Running a ForEach activity in parallel mode

pmscorca 792 Reputation points
2024-03-15T16:03:21.3666667+00:00

Hi,

I've implemented a pipeline having a Lookup activity to read a Synapse table to get the parameters to pass a stored procedure inside the next ForEach activity.

Inside the ForEach activity I've use some Set variable activities to get the parameter values for the procedure (using item().myparam).

Now, could I execute the ForEach activity in parallel mode successfully without a variable was set with the value referred to another iteration item?

Azure Data Factory
Azure Data Factory
An Azure service for ingesting, preparing, and transforming data at scale.
9,546 questions
{count} votes

Accepted answer
  1. Amira Bedhiafi 15,216 Reputation points
    2024-03-15T17:48:47.66+00:00

    The ForEach activity in ADF allows you to iterate over a collection and perform certain actions for each item in the collection. When you enable parallel execution, the ForEach activity can process multiple items in the collection concurrently, which can significantly improve the performance of your pipeline, especially when dealing with large collections.

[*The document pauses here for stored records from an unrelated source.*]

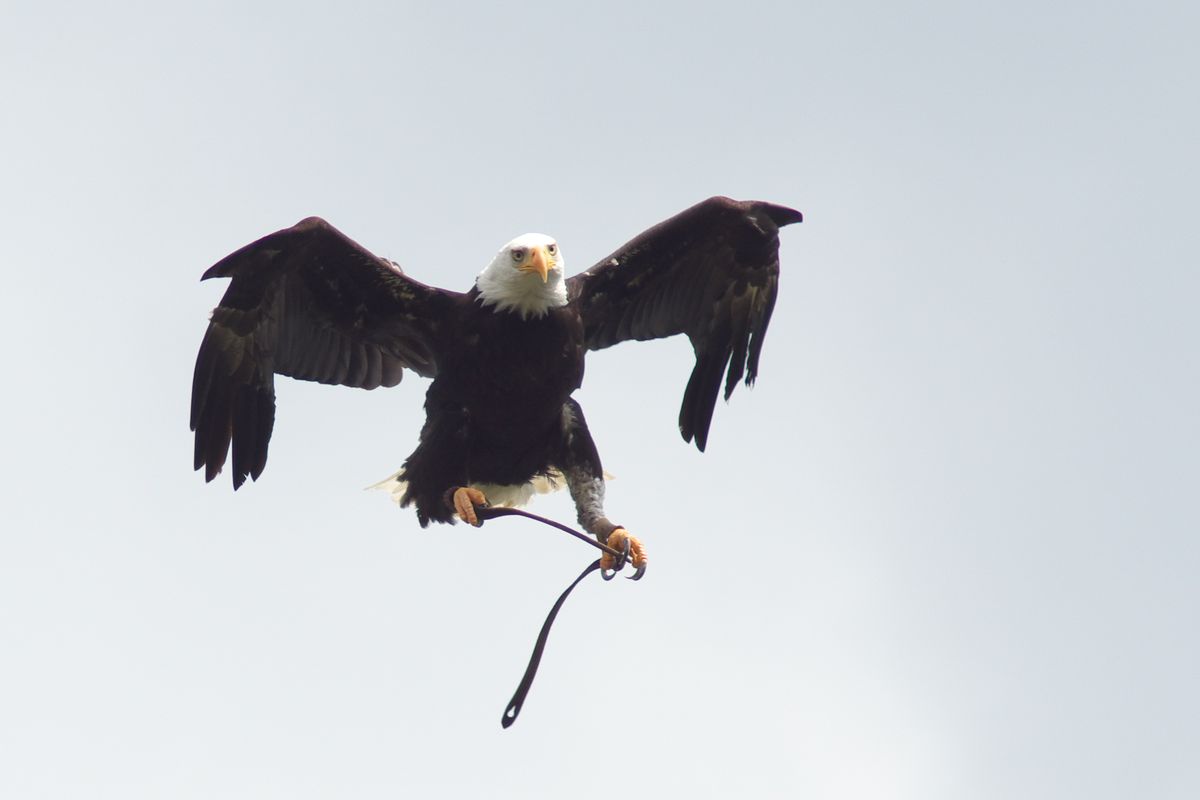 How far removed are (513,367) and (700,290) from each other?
156 centimetres

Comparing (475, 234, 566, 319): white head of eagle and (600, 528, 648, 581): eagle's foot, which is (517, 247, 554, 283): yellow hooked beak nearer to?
(475, 234, 566, 319): white head of eagle

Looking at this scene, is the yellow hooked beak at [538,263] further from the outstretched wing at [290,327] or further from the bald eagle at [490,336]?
the outstretched wing at [290,327]

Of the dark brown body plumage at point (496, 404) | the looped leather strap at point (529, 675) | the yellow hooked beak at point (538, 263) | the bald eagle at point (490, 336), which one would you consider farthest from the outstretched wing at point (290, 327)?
the looped leather strap at point (529, 675)

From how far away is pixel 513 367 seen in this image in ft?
29.1

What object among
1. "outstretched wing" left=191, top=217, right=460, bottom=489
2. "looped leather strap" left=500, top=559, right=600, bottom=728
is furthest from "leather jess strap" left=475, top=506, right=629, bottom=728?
"outstretched wing" left=191, top=217, right=460, bottom=489

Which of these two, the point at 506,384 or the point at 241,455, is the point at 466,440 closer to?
the point at 506,384

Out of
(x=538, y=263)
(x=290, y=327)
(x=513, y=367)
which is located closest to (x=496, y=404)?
(x=513, y=367)

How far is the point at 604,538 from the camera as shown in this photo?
9.02 meters


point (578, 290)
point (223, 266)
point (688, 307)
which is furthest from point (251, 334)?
point (688, 307)

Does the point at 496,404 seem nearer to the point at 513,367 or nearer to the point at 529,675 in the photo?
the point at 513,367

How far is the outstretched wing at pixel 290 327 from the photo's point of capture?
29.8 feet

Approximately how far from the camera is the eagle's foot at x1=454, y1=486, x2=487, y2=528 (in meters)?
8.91

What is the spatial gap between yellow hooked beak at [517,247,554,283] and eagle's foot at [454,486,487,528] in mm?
1165

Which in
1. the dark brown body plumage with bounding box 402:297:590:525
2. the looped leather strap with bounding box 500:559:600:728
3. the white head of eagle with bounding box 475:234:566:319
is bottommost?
the looped leather strap with bounding box 500:559:600:728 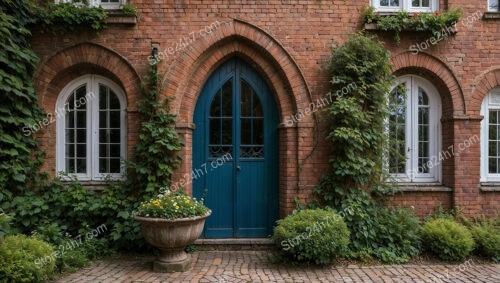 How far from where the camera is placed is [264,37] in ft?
21.4

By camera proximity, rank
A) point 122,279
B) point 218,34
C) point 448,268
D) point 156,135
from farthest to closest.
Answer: point 218,34 → point 156,135 → point 448,268 → point 122,279

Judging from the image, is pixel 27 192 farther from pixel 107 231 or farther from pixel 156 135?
pixel 156 135

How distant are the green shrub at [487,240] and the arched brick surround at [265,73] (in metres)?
3.39

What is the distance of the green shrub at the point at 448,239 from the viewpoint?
18.9ft

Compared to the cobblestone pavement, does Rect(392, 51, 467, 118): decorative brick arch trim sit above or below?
above

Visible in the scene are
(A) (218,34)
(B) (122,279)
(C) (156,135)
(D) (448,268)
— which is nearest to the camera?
(B) (122,279)

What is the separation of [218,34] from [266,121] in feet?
6.47

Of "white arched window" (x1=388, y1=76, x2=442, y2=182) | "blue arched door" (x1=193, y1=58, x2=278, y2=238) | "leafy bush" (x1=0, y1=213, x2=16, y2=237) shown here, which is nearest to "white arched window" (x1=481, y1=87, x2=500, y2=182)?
"white arched window" (x1=388, y1=76, x2=442, y2=182)

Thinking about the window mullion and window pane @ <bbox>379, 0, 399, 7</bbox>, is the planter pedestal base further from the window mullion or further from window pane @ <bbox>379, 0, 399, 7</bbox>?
window pane @ <bbox>379, 0, 399, 7</bbox>

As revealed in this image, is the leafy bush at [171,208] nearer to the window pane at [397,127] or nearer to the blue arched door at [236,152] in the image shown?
the blue arched door at [236,152]

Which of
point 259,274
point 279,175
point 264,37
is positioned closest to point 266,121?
point 279,175

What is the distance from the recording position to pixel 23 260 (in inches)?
175

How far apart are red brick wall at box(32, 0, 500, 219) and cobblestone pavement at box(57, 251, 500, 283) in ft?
4.53

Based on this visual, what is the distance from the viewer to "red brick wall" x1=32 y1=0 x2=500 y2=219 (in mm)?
6449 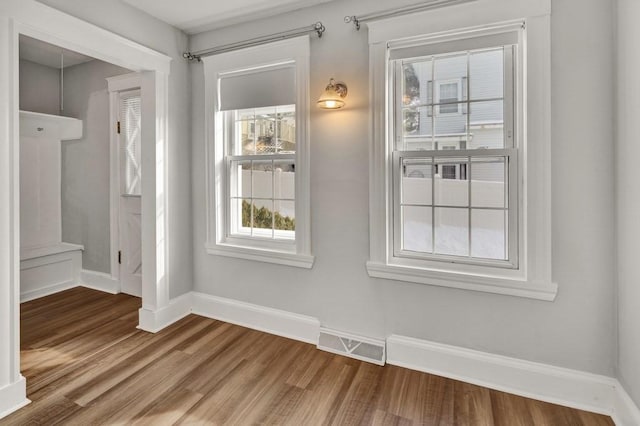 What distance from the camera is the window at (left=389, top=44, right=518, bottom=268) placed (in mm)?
2139

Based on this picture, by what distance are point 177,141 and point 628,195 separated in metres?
3.23

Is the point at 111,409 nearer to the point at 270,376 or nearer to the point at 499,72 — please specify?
the point at 270,376

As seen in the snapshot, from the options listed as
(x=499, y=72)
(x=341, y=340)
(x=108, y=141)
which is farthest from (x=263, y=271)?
(x=108, y=141)

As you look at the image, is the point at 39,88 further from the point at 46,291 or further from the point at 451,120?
the point at 451,120

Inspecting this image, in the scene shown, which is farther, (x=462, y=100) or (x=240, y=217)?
(x=240, y=217)

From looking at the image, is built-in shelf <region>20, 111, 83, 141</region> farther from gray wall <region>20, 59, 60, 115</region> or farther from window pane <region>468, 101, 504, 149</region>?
window pane <region>468, 101, 504, 149</region>

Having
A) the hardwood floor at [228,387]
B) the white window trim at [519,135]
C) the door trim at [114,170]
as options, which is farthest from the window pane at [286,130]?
the door trim at [114,170]

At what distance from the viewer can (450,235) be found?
2.33 m

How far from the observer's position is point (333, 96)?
238 cm

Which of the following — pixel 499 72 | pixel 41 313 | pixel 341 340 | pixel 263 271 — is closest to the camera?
pixel 499 72

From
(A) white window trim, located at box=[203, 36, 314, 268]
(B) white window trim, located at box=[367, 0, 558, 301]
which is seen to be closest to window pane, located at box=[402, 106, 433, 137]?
(B) white window trim, located at box=[367, 0, 558, 301]

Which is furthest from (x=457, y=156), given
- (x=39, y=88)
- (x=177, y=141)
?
(x=39, y=88)

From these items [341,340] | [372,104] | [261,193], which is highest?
[372,104]

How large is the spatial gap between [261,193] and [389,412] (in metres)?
1.94
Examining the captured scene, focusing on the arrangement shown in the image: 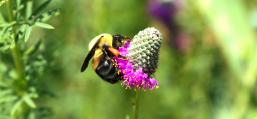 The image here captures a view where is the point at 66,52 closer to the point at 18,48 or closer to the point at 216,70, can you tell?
the point at 216,70

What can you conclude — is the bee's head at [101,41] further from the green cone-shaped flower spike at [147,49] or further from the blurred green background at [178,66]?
the blurred green background at [178,66]

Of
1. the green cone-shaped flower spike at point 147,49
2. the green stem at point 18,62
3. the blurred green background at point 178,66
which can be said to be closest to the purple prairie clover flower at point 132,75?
the green cone-shaped flower spike at point 147,49

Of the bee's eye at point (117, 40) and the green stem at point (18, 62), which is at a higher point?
the bee's eye at point (117, 40)

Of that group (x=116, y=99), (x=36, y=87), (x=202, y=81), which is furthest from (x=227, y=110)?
(x=36, y=87)

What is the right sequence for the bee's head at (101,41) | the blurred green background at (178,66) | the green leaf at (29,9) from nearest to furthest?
the bee's head at (101,41)
the green leaf at (29,9)
the blurred green background at (178,66)

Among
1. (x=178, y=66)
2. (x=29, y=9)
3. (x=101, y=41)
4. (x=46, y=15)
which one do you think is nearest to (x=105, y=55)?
(x=101, y=41)

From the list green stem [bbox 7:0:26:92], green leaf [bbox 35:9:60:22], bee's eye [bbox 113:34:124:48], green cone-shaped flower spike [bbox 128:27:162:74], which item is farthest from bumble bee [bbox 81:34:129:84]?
green stem [bbox 7:0:26:92] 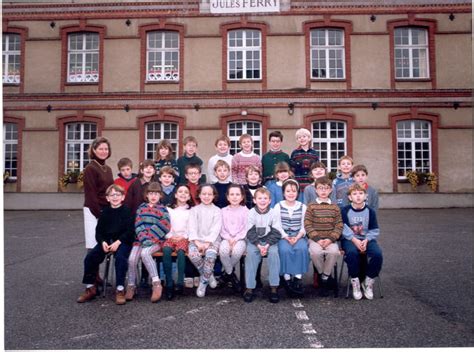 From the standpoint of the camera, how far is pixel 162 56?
45.5 feet

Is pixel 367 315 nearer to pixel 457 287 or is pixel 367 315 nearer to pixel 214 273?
pixel 457 287

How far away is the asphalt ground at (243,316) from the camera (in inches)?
122

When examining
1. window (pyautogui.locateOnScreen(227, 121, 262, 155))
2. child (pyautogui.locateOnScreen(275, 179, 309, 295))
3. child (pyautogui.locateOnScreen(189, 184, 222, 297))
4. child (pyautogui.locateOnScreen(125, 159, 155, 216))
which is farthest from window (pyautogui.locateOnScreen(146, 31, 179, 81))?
child (pyautogui.locateOnScreen(275, 179, 309, 295))

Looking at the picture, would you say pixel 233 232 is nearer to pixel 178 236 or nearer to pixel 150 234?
pixel 178 236

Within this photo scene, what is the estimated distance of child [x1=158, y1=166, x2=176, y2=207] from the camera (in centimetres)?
502

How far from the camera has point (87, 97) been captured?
1366 cm

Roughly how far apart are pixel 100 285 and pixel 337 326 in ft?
8.94

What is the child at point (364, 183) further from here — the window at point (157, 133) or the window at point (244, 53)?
the window at point (157, 133)

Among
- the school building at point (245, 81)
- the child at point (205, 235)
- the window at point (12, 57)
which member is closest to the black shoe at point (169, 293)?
the child at point (205, 235)

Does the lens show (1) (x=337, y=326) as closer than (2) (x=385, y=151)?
Yes

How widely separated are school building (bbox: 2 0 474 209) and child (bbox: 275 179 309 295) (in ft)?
29.2

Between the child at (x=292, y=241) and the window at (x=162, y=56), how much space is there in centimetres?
998

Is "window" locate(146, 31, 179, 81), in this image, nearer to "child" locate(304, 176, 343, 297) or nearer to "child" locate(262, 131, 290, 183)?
"child" locate(262, 131, 290, 183)

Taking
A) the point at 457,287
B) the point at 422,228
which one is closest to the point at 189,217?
the point at 457,287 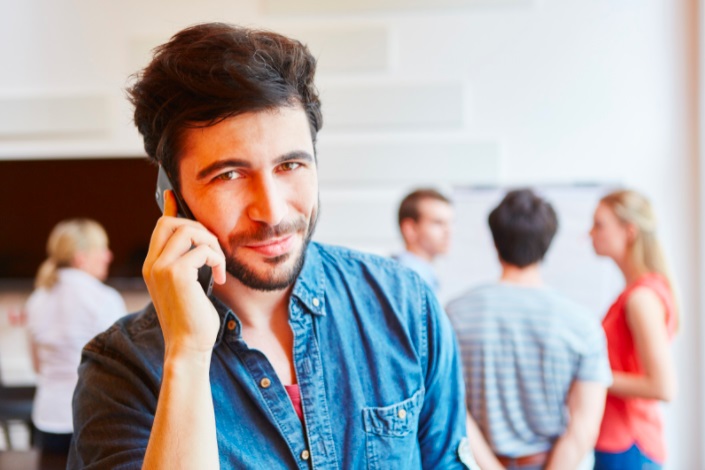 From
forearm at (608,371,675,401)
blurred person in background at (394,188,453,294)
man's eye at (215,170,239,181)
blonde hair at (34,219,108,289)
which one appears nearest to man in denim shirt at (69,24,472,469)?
man's eye at (215,170,239,181)

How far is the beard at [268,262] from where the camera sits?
2.42 ft

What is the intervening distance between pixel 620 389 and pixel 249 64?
3.59ft

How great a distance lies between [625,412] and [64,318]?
5.30 feet

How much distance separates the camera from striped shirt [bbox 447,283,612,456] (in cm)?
130

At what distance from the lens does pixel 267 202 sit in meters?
0.71

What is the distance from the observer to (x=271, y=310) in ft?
2.75

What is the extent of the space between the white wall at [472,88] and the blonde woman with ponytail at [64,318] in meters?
0.83

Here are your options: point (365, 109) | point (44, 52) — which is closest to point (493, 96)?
point (365, 109)

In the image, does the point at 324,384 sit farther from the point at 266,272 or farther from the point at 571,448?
the point at 571,448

    1. Isolation of Iterations: When you run iterations in parallel, each iteration is isolated from the others. This means that the setting of a variable within one iteration will not affect the value of the variable in another iteration if the variable is defined within the scope of the ForEach loop. However, if you are using global variables (variables defined outside the ForEach activity), you need to be careful as concurrent modifications to these variables can lead to unexpected behaviors.

    To avoid conflicts with variables when running in parallel, ensure that you either:

    • Use local variables within the scope of each iteration, or
    • If you must use global variables, manage access to these variables carefully, for instance, by using them in a read-only manner within the ForEach or by employing mechanisms to ensure that only one iteration can modify the variable at a time, though this latter approach can negate some benefits of parallel processing.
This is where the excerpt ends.